The most talked-about employee of the Toronto Maple Leafs these days, as the team flails away hopelessly in pursuit of another playoff push that’s simply not to be, isn’t the goal-scoring savior who has just eight ginos since the start of February, or the Swedish goalie who’s putting up big-time stats but still getting no help from the team in front of him, or even the hard-ass new coach brought in when the ship was already listing sharply to one side and asked to right it again.

It is, instead, the beleaguered general manager who cannot — or perhaps will not — avoid the 10 billion-watt halogen bulbs shined on his every move.

This year, it seems, everything to do with the Maple Leafs is being filtered through Brian Burke. It’s not “Does Phil Kessel need more help than Joffrey Lupul?” or “Can Jonas Gustavsson improve?” It’s “When will Brian Burke swoop in and bail out this team by acquiring… well, someone who is good at hockey?”

It seems you can’t go more than a day or two without Burke’s name showing up at the center of some kind of discussion. Don Cherry blamed him for not having enough Ontario-born players on the team, he sparked that big debate over the role of the enforcer and the rise of the rats after he was gutted to cut a guy like Colton Orr, and has lately been seen complaining about the inherent unfairness of the trade deadline on players (and publicly mulling simply not observing it as an organization).

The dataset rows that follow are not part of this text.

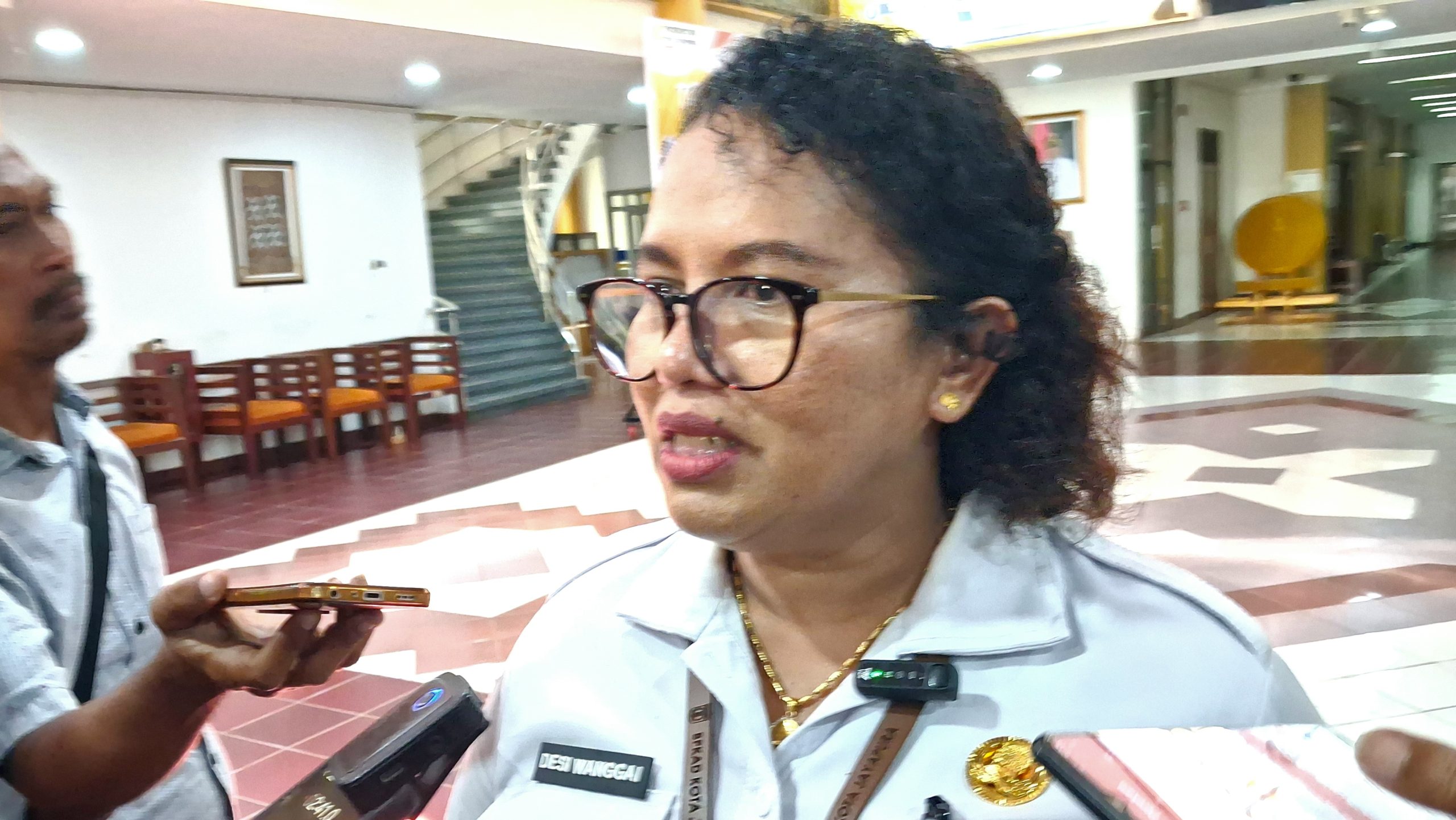 Kepala BPKAD Kota Jayapura, Desi Yanty Wanggai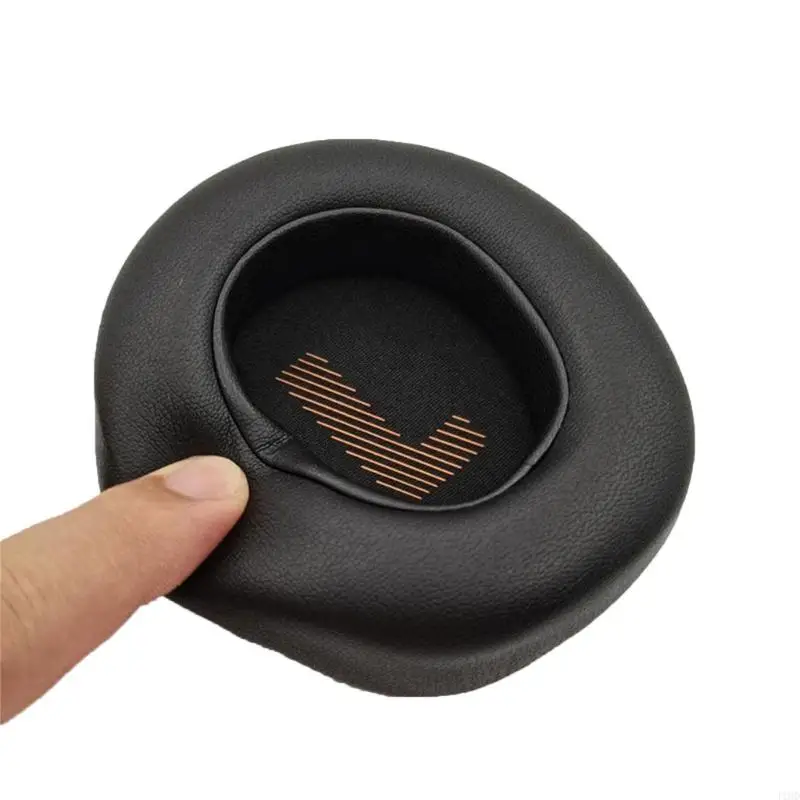 400 유선 헤드폰 용 J1HD 1 쌍 이어 패드 탄성 메모리 폼 이어 패드 이어 패드 스폰지 쿠션 교체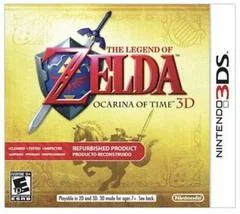 Carátula de Zelda Ocarina of Time 3D [Refurbished]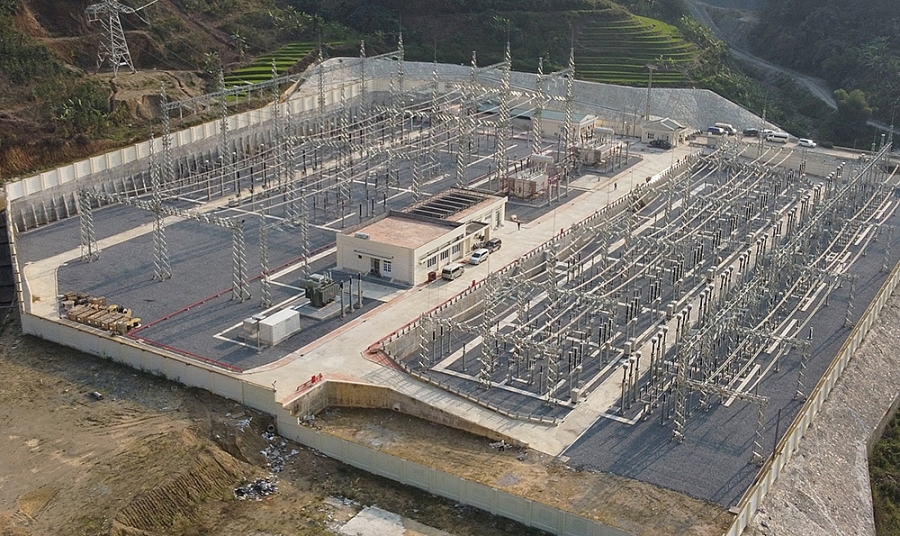 Hoàn thành đóng điện công trình TBA 220kV Mường Tè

In much the way the Penguins are Sidney Crosby’s team and the Blackhawks are Jonathan Toews’ team, the Leafs are Brian Burke’s team moreso than anything else. And given the amount of attention being paid to him even prior to this season, the fact that Burke is jumping up and down waving a flare around trying to attract the attention of a giant, ravenous, primordial monster (the Toronto media) should tell you everything you need to know about what’s really going on here.

Brian Burke is very much trying to distract everyone from the fact that the Leafs have been hot garbage since November by turning up his Burkieness about 10-fold from previous years. The media is fascinated with Burke in a way that they are for few other people in the sport. He’s smart, candid, gruff, successful, and a great quote. All of these qualities make him the perfect media darling. And because he knows that, he plays it up big-time by making things harder on himself.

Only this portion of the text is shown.